Официант исчез и через секунду материализовался вновь. Вместе с ним материализовалась крохотная чашечка кофе.

Уважаемый господин пригубил чашечку и облизнул губы:

— Сколько привез? — это разговор зашел о делах.

— Под завязку… — Йыги подвинул ногой под столом в сторону собеседника контейнер. — Там все, как обычно. Тот же консервант…

— Хорошо, — уважаемый господин удовлетворенно кивнул. — Оплата тоже — как обычно.

Он достал из нагрудного кармана сверток и положил его перед Йыги. Молодой человек, однако, не спешил убрать сверток со стола.

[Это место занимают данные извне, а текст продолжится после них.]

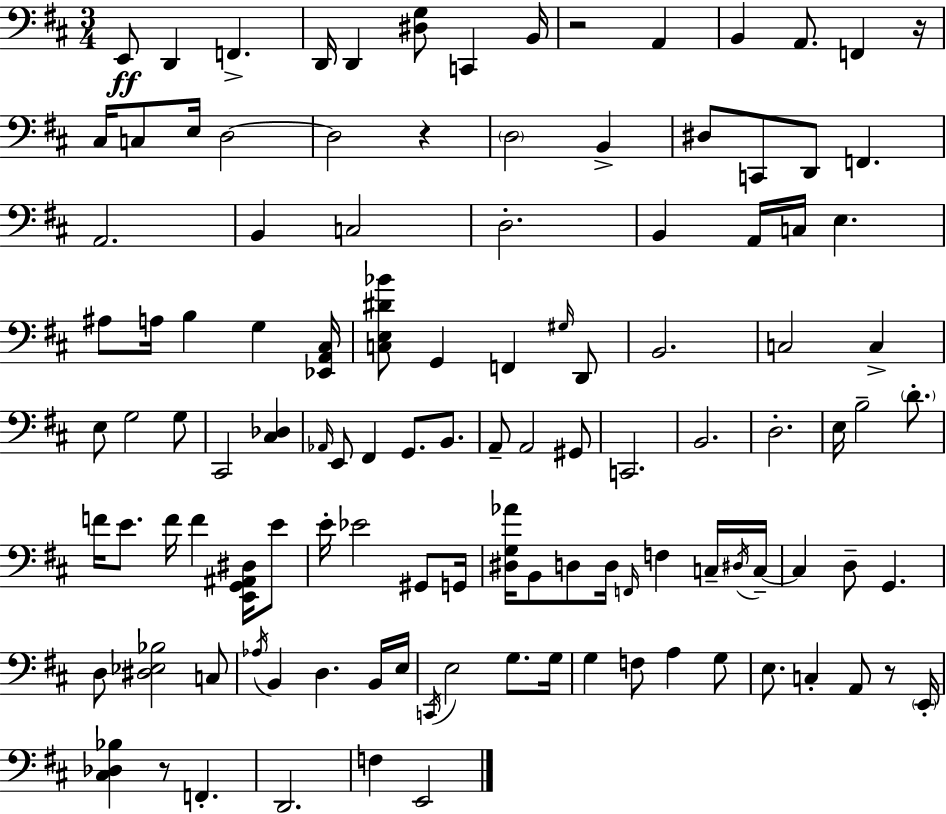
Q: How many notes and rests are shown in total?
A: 115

Он был уверен, что этот сверток не сдует сквозняком.

Уважаемый господин поинтересовался:

— Как там таможня? Лишних вопросов не имеют?

Йыги улыбнулся, ему так нравился рыбный суп:

— Таможня — это только вывеска. Причем для дураков. Таможня разучилась разговаривать. Она только смотрит. И меня уже хорошо знает. Таможня радуется, когда в очередной раз видит меня.

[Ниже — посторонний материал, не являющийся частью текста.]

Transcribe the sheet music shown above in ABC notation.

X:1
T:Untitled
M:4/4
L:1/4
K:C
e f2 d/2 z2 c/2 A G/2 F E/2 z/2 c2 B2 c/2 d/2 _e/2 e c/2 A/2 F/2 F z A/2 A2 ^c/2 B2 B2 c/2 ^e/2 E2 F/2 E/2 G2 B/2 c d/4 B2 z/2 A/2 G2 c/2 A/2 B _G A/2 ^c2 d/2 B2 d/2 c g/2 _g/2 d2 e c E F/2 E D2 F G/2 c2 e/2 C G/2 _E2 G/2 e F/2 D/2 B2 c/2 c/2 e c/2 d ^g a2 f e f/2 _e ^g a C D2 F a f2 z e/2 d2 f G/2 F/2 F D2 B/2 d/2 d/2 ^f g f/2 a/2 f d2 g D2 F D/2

— Ты молодец — подобрал к ним ключик, — похвалил пожилой господин.

— К сожалению, я не оригинален, — Йыги уже скреб ложкой по дну горшочка. — Мой ключик известен с древности… Ручку позолотить… Сначала был талер, потом его стали называть далер, и вот он уже — доллар.

— Любопытно знать, как процесс проходит? Технически…

Йыги вскинул на собеседника удивленные глаза:

— Я же не спрашиваю, как происходит ваш процесс, технически… — тут Йыги показалось, что он неоправданно груб к этому пожилому господину, поэтому в качестве компенсации решил все-таки приоткрыть завесу тайны. — Ну как это происходит!.. Проще простого! Он — то есть таможенник, — открывает контейнер и видит сотенную бумажку. А кроме сотенной бумажки, он ничего уже не видит. — Йыги промокнул губы салфеткой, бросил взгляд на башни вдалеке, на купола храма. — Я же говорю, что у них от пяти органов чувств только зрение осталось. Остальные атрофировались за ненадобностью. А к глазам два придатка — загребущие руки…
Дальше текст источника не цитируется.